НИКОЛЬ. Так-то вы меня встречаете?
КЛЕОНТ. Прочь, говорят тебе, сей же час ступай к неверной своей госпоже и объяви, что ей больше не удастся обмануть простодушного Клеонта.
НИКОЛЬ. Это еще что за вздор? Миленький мой Ковьель! Скажи хоть ты, что все это значит?
КОВЬЕЛЬ. «Миленький мой Ковьель»! Негодная девчонка! А ну прочь с глаз моих, дрянь ты этакая, оставь меня в покое!
НИКОЛЬ. Как? И ты туда же?..
КОВЬЕЛЬ. Прочь с глаз моих, говорят тебе, не смей больше со мной заговаривать!
НИКОЛЬ (про себя). Вот тебе раз! Какая муха укусила их обоих? Пойду расскажу барышне об этом милом происшествии. (Уходит.)
Клеонт, Ковьель.
КЛЕОНТ. Как! Поступать таким образом со своим поклонником, да еще с самым верным и самым страстным из поклонников!
КОВЬЕЛЬ. Ужас как с нами обоими здесь обошлись!
КЛЕОНТ. Я расточаю ей весь пыл и всю нежность, на какие я только способен. Ее одну люблю я в целом свете и помышляю лишь о ней. Она одна предмет всех дум моих и всех желаний, она моя единственная радость. Я говорю лишь о ней, думаю только о ней, вижу во сне лишь ее, сердце мое бьется только ради нее, я дышу только ею. И вот достойная награда за эту преданность мою! Два дня не виделись мы с нею; они тянулись для меня, как два мучительных столетья, вот наконец негаданная встреча, душа моя возликовала, румянцем счастья залилось лицо, в восторженном порыве я устремляюсь к ней… и что же? Неверная не смотрит на меня, она проходит мимо, как будто мы совсем, совсем чужие!
КОВЬЕЛЬ. Я то же самое готов сказать.
КЛЕОНТ. Так что же сравнится, Ковьель, с коварством бессердечной Люсиль?
КОВЬЕЛЬ. А что сравнится, сударь, с коварством подлой Николь?

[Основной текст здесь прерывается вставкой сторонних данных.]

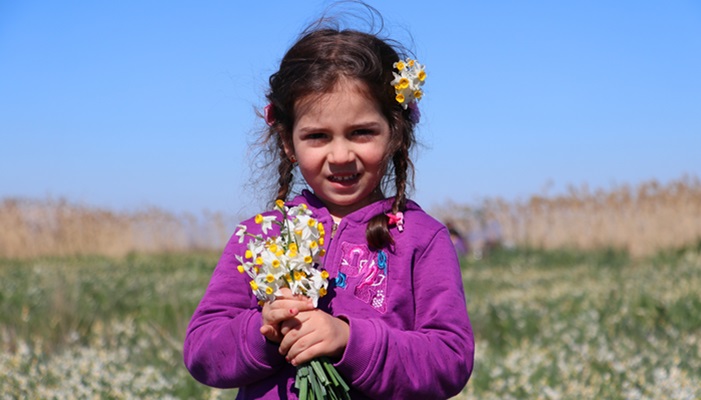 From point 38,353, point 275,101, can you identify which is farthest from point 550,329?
point 275,101

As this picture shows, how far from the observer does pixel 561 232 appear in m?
17.1

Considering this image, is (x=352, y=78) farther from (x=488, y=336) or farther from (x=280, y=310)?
(x=488, y=336)

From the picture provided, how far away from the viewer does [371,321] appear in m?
2.14

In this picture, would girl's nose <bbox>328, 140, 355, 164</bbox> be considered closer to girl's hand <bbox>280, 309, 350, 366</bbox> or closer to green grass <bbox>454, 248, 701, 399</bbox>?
girl's hand <bbox>280, 309, 350, 366</bbox>

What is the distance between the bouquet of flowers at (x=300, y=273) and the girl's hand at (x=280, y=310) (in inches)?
0.6

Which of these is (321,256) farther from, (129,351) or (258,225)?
(129,351)

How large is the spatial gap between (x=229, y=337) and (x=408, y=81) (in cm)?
83

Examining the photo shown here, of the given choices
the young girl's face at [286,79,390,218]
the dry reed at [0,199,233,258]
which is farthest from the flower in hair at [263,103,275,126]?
the dry reed at [0,199,233,258]

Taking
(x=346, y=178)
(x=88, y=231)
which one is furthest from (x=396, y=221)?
(x=88, y=231)

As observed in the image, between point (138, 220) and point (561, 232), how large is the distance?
8004 mm

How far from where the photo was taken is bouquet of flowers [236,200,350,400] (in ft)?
6.81

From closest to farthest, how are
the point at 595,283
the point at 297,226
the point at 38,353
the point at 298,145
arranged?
the point at 297,226
the point at 298,145
the point at 38,353
the point at 595,283

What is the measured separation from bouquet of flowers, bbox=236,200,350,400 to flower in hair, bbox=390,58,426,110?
48cm

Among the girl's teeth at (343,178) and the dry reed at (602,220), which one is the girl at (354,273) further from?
the dry reed at (602,220) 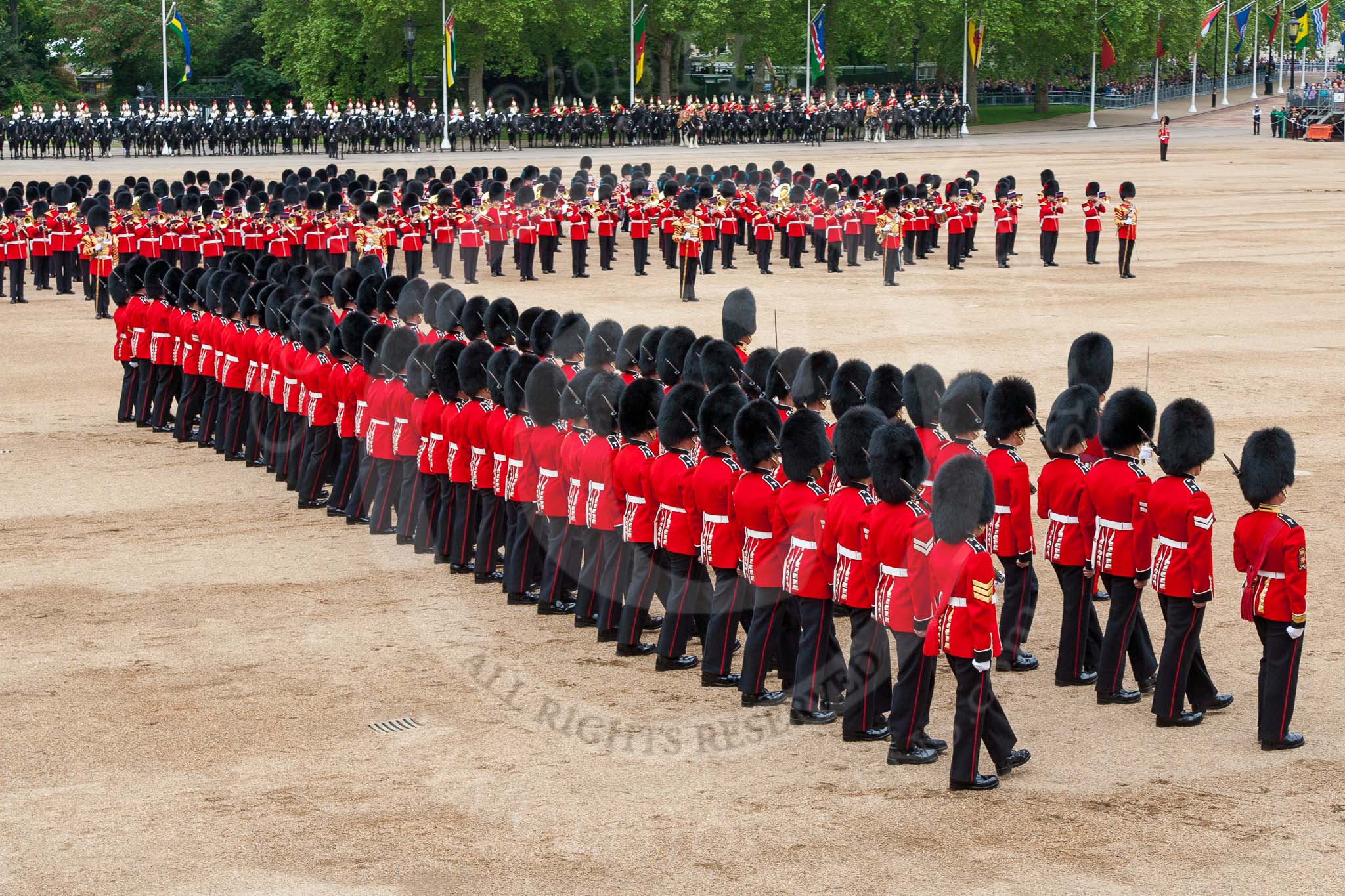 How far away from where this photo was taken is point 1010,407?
7.07m

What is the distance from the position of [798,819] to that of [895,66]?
57.5 m

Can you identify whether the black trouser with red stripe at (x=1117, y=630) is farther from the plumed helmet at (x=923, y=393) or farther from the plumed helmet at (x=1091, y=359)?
the plumed helmet at (x=1091, y=359)

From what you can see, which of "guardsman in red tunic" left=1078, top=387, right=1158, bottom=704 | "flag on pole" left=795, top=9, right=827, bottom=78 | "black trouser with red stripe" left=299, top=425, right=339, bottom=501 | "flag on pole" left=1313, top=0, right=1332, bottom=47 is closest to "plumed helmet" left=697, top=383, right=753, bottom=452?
"guardsman in red tunic" left=1078, top=387, right=1158, bottom=704

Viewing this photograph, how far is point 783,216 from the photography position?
2275cm

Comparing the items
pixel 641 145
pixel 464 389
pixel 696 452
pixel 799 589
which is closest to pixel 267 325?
pixel 464 389

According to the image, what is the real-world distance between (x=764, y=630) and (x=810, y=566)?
1.54 feet

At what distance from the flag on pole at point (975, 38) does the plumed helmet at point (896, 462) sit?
48.3 meters

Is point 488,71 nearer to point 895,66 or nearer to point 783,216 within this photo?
point 895,66

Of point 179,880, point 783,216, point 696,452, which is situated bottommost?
point 179,880

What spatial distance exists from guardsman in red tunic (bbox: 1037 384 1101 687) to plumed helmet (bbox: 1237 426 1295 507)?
2.63ft

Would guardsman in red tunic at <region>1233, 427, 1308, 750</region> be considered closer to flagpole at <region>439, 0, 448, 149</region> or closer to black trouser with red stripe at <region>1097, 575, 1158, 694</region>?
black trouser with red stripe at <region>1097, 575, 1158, 694</region>

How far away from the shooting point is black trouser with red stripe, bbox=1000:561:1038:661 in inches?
286

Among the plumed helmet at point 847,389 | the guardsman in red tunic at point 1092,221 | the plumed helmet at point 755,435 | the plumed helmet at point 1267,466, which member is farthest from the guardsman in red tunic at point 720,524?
the guardsman in red tunic at point 1092,221

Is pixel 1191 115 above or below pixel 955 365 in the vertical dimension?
above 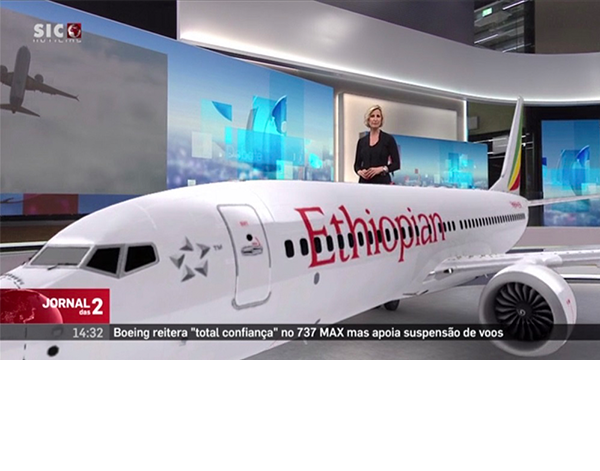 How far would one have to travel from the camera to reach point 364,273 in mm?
7090

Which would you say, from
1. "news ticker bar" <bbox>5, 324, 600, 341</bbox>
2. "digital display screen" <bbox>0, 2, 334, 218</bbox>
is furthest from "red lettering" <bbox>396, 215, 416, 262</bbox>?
"digital display screen" <bbox>0, 2, 334, 218</bbox>

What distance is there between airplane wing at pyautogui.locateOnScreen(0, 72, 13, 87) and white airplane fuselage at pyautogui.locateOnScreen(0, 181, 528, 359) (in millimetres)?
4866

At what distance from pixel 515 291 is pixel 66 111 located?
26.9ft

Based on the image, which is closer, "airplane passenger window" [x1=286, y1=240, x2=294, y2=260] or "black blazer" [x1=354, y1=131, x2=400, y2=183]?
"airplane passenger window" [x1=286, y1=240, x2=294, y2=260]

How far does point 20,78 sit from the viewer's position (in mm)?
8320

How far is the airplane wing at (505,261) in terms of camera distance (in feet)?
29.6

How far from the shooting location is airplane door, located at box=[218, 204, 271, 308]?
4.88 m

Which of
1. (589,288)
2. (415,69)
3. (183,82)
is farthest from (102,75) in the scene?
(589,288)

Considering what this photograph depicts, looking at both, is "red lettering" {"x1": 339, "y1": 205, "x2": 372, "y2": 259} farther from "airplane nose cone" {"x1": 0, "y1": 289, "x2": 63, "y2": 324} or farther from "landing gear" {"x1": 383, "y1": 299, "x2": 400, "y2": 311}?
"landing gear" {"x1": 383, "y1": 299, "x2": 400, "y2": 311}

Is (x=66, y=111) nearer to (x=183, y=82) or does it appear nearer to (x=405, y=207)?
(x=183, y=82)

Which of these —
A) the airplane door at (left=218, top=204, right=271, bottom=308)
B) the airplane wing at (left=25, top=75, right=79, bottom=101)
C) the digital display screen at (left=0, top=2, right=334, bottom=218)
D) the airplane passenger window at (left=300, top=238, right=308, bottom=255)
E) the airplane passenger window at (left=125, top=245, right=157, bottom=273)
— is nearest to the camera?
the airplane passenger window at (left=125, top=245, right=157, bottom=273)

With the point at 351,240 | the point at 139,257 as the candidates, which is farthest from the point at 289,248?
the point at 139,257

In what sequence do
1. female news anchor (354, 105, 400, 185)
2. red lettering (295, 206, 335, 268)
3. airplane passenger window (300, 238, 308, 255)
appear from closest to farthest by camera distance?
airplane passenger window (300, 238, 308, 255)
red lettering (295, 206, 335, 268)
female news anchor (354, 105, 400, 185)

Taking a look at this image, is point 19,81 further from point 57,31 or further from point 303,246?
point 303,246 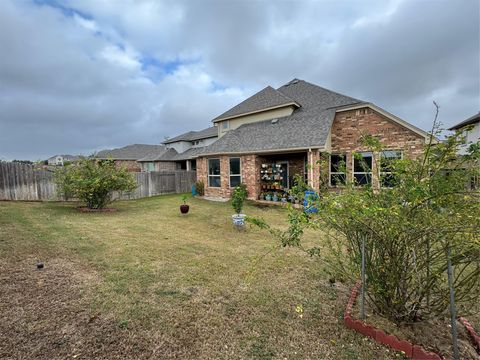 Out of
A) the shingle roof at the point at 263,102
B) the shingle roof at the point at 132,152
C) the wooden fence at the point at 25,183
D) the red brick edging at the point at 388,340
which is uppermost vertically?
the shingle roof at the point at 263,102

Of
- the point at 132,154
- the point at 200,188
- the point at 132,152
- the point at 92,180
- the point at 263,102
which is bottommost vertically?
the point at 200,188

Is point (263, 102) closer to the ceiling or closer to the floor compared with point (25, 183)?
closer to the ceiling

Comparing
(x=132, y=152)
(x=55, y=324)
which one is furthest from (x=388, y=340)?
(x=132, y=152)

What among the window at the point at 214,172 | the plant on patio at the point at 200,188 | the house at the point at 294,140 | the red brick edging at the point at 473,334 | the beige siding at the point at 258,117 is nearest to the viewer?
→ the red brick edging at the point at 473,334

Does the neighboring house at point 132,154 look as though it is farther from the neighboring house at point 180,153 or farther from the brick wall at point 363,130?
the brick wall at point 363,130

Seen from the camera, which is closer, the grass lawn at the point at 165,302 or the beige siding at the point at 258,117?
the grass lawn at the point at 165,302

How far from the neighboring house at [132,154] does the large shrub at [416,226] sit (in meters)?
28.3

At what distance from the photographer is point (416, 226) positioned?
2.04 meters

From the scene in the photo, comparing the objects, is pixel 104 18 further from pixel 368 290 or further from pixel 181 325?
pixel 368 290

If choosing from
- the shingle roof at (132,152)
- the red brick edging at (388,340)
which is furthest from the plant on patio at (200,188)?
the shingle roof at (132,152)

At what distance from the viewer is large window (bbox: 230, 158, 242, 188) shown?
12609 millimetres

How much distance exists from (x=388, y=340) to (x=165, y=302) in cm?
270

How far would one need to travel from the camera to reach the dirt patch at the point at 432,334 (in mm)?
2189

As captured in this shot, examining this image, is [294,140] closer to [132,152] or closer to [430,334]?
[430,334] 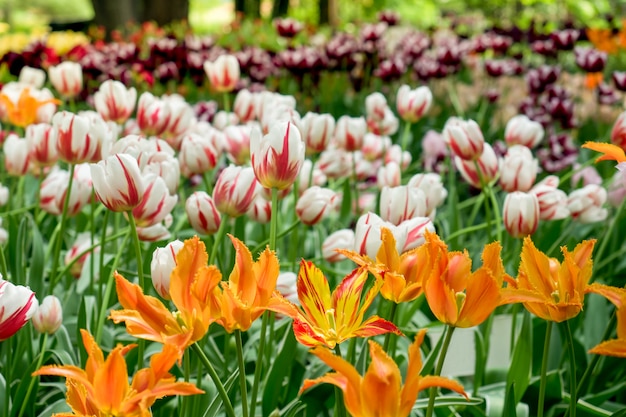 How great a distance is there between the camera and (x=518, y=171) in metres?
1.53

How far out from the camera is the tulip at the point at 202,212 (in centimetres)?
123

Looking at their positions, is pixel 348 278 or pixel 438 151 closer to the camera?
pixel 348 278

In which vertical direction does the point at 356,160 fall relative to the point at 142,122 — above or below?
below

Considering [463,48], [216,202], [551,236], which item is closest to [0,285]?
[216,202]

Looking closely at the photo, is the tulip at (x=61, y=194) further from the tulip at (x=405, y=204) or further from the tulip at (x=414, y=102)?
the tulip at (x=414, y=102)

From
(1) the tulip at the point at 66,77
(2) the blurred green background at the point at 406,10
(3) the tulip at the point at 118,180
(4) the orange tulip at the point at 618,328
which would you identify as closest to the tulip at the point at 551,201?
(4) the orange tulip at the point at 618,328

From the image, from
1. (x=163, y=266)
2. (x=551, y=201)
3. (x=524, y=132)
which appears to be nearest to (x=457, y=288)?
(x=163, y=266)

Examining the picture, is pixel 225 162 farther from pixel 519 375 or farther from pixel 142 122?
pixel 519 375

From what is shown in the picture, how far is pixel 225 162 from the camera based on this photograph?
2658 mm

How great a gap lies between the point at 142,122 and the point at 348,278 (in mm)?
923

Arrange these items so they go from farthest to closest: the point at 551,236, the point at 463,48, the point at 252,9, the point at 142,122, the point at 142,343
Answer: the point at 252,9 < the point at 463,48 < the point at 551,236 < the point at 142,122 < the point at 142,343

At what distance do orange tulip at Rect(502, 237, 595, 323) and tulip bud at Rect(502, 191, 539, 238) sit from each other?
0.45 metres

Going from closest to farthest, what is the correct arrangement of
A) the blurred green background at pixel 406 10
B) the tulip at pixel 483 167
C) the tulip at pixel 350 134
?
the tulip at pixel 483 167, the tulip at pixel 350 134, the blurred green background at pixel 406 10

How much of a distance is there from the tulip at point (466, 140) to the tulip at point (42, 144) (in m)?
0.74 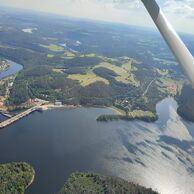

КЛЕОНТ. И это после такого пламенного самопожертвования, после стольких вздохов и клятв, которые исторгла у меня ее прелесть!
КОВЬЕЛЬ. После такого упорного ухаживания, после стольких знаков внимания и услуг, которые я оказал ей на кухне!
КЛЕОНТ. Стольких слез, которые я пролил у ее ног!
КОВЬЕЛЬ. Стольких ведер воды, которые я перетаскал за нее из колодца!
КЛЕОНТ. Как пылко я ее любил, любил до полного самозабвения!
КОВЬЕЛЬ. Как жарко было мне, когда я за нее возился с вертелом, жарко до полного изнеможения!
КЛЕОНТ. А теперь она проходит мимо, явно пренебрегая мной!
КОВЬЕЛЬ. А теперь она пренагло поворачивается ко мне спиной!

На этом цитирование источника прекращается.